───── SOURCE DATA

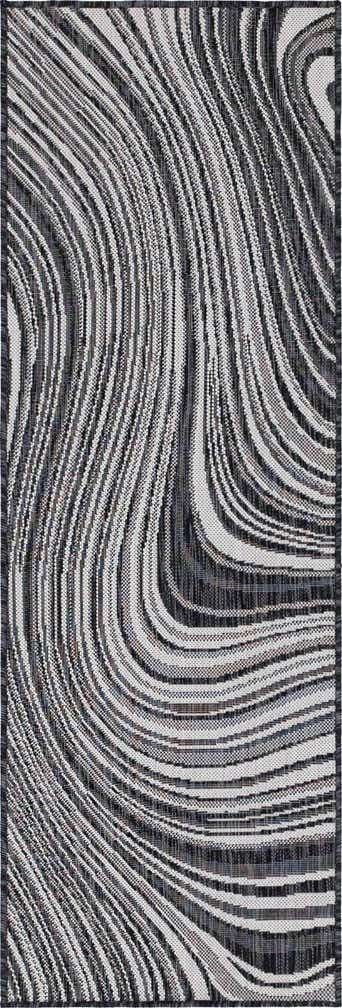 2' x 6' Easy-Clean Modern Indoor / Outdoor Runner Rug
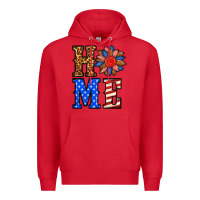 Red 4th of july home Premium Hoodie - BundleAndBundleShop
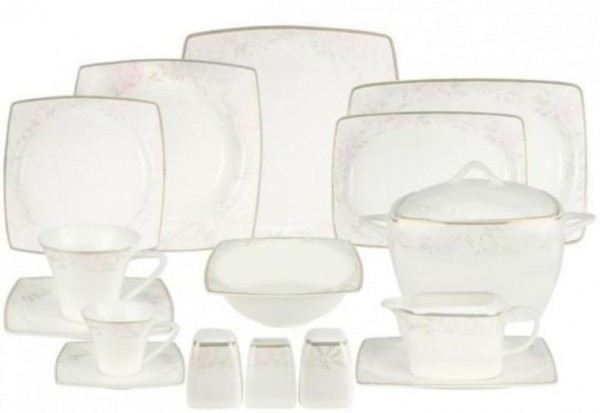 Emsan Fine Bone BNT915 84 Parça Yemek Takımı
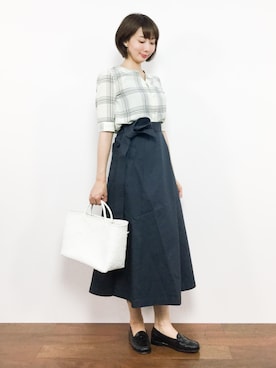 三由佳奈さん（レディース・160cm）の夏コーディネート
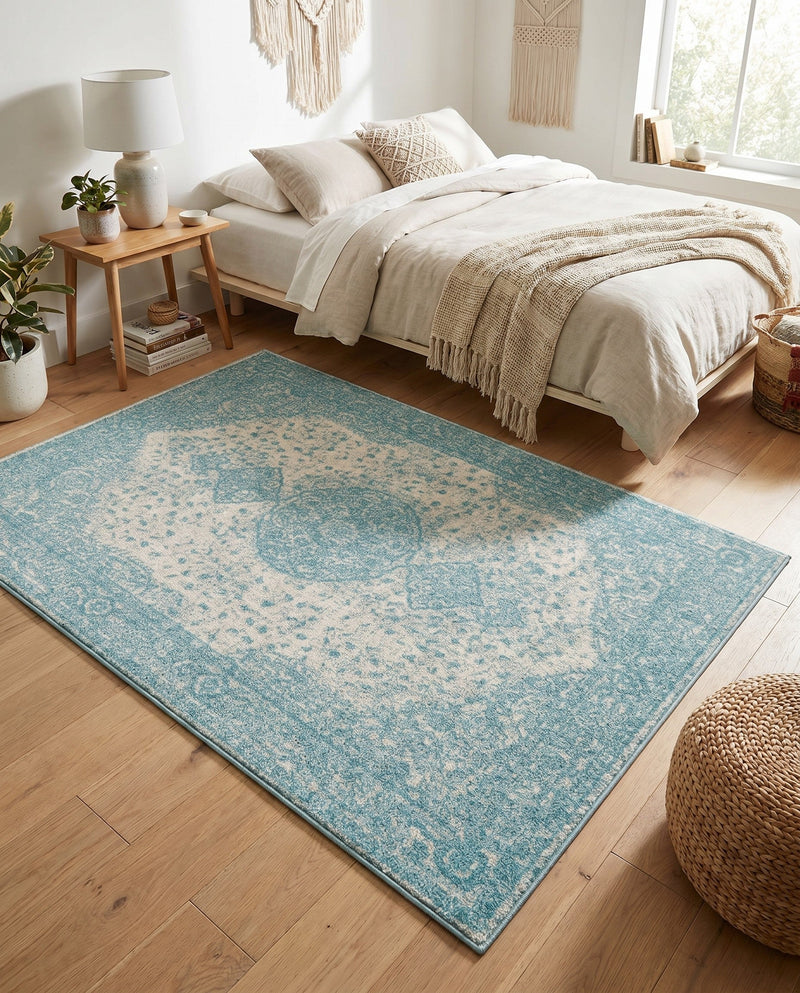 Dover Terrace Collection Area Rug - Marina (Aqua) Rectangle Aqua  lifestyle 20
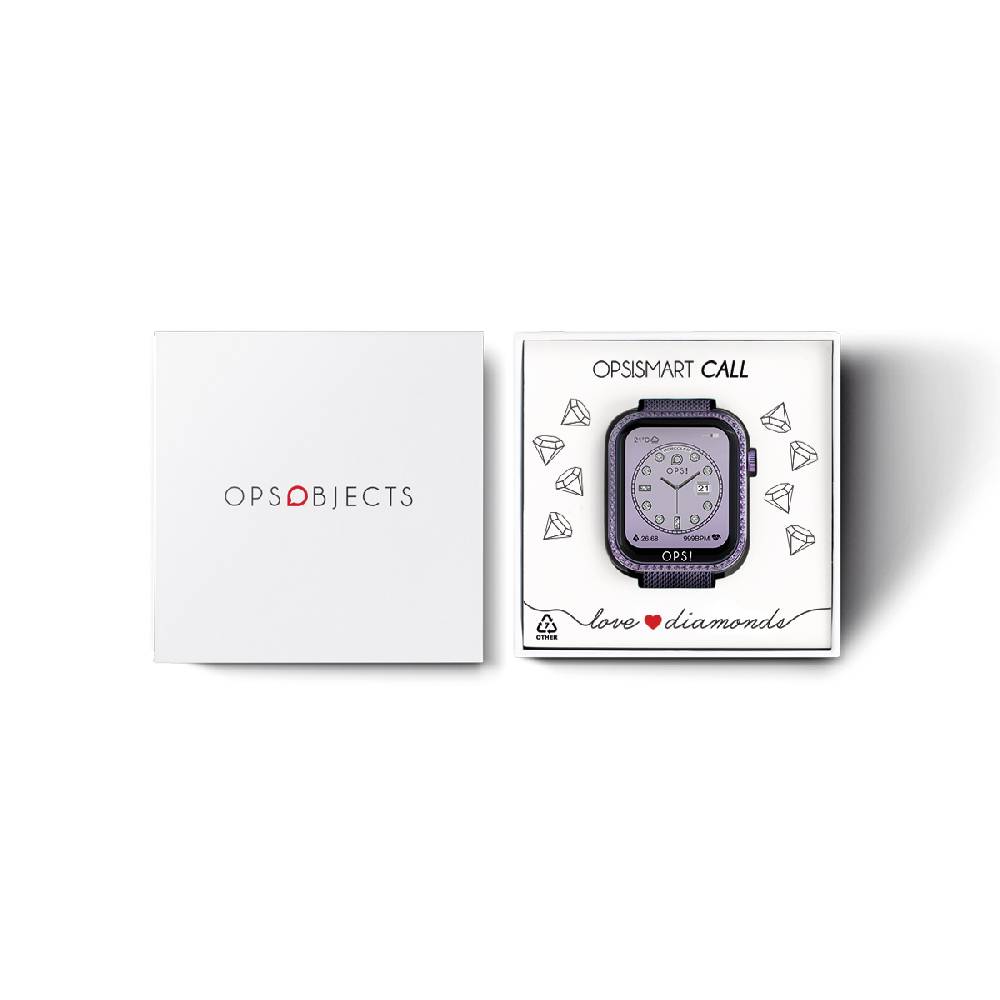 Opsobjects Smartwatch CALL Love diamonds Shopping Online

──────────

TASK REQUIREMENTS: The required result is an exact copy of the lines from the line containing "三由佳奈さん（レディース・160cm）の夏コーディネート" through the end of the entries, with every picture left out.

ANSWER SECTION:
 三由佳奈さん（レディース・160cm）の夏コーディネート
 Dover Terrace Collection Area Rug - Marina (Aqua) Rectangle Aqua  lifestyle 20
 Opsobjects Smartwatch CALL Love diamonds Shopping Online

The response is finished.